Answer
$$
y^{\prime \prime}-2 y^{\prime}-3y=3e^{2t}
$$
The general solution of the given equation is
$$ y=c_{1} e^{3 t} +c_{2} e^{ -t} - e^{2t} $$
where $ c_{1} $and $c_{1}$ are arbitrary constants.
Work Step by Step
$$
y^{\prime \prime}-2 y^{\prime}-3y=3e^{2t} \quad\quad\quad \quad (1)
$$
First we find the general solution of the homogeneous equation as follows:
We assume that $ y = e^{rt}$, and it then follows that $r$ must be a root of the characteristic equation
$$
r^{2}-2r-3=(r-3)(r+1)=0,$$
so its roots are
$$r_{1}=3 ,\quad r_{2}=-1, $$
so the general solution of the homogeneous equation is
$$ y=c_{1} e^{3 t} +c_{2} e^{ -t} $$
where $ c_{1} $and $c_{1}$ are arbitrary constants.

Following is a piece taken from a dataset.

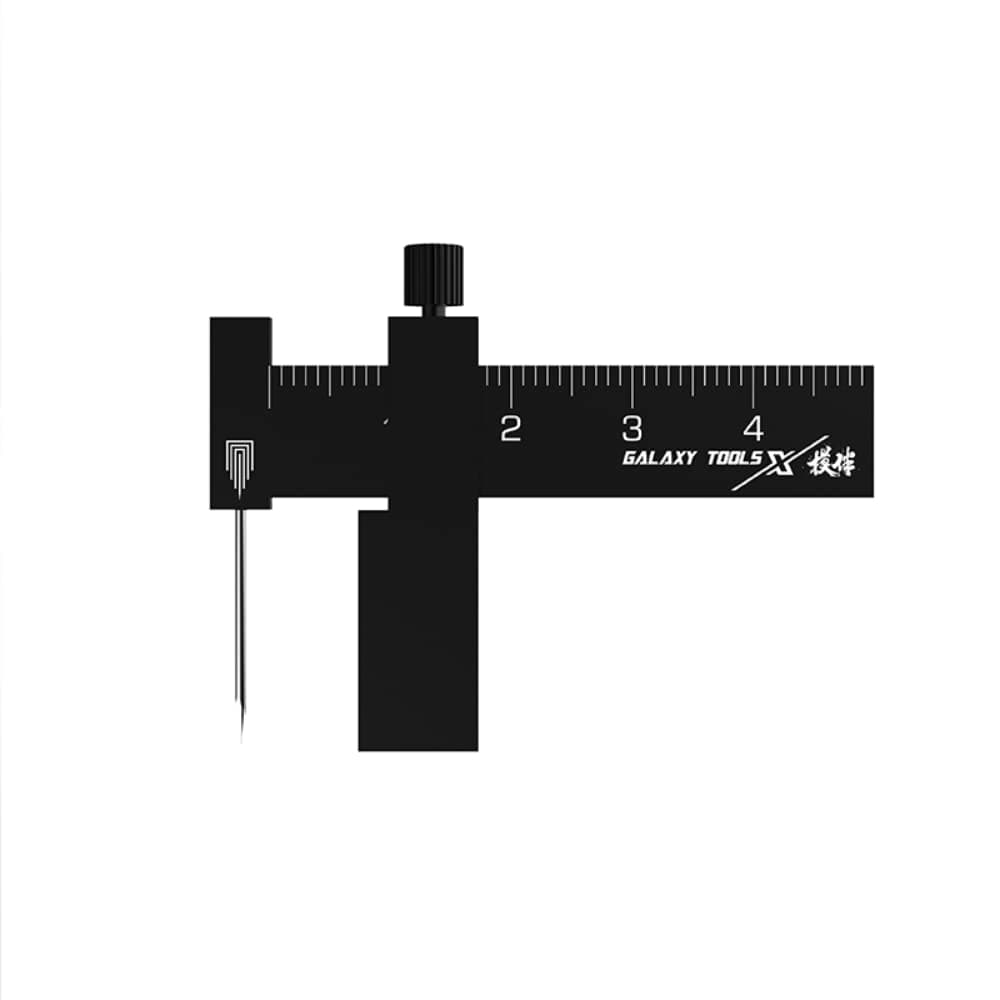 ANSAIEquidistant Parallel Scriber For Gundam Military Miniature Scale Model Hobby Resin GK, Machinists, Technicians Or Craftsmen (Black)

Next, we guess that the particular solution has the form $ Y(t)= A e^{2t} $,
where A is the undetermined coefficient, then $ Y^{\prime}(t)= 2A e^{2t} $ and
$ Y^{\prime \prime }(t)= 4A e^{2t} $. Substituting the expressions for $ Y(t) $, $ Y^{\prime}(t) $, and $Y^{\prime \prime }(t) $ into the differential equation, we obtain
$$
4A e^{2t} -2 . 2A e^{2t}-3A e^{2t}=3e^{2t}
$$
$$
-3A e^{2t}=3e^{2t}
$$
Hence $A=-1$ , so a particular solution of Eq. (1) is $ Y(t)= - e^{2t} $
The general solution of the nonhomogeneous equation (1) is
$$ y=c_{1} e^{3 t} +c_{2} e^{ -t} - e^{2t} $$
where $ c_{1} $and $c_{1}$ are arbitrary constants.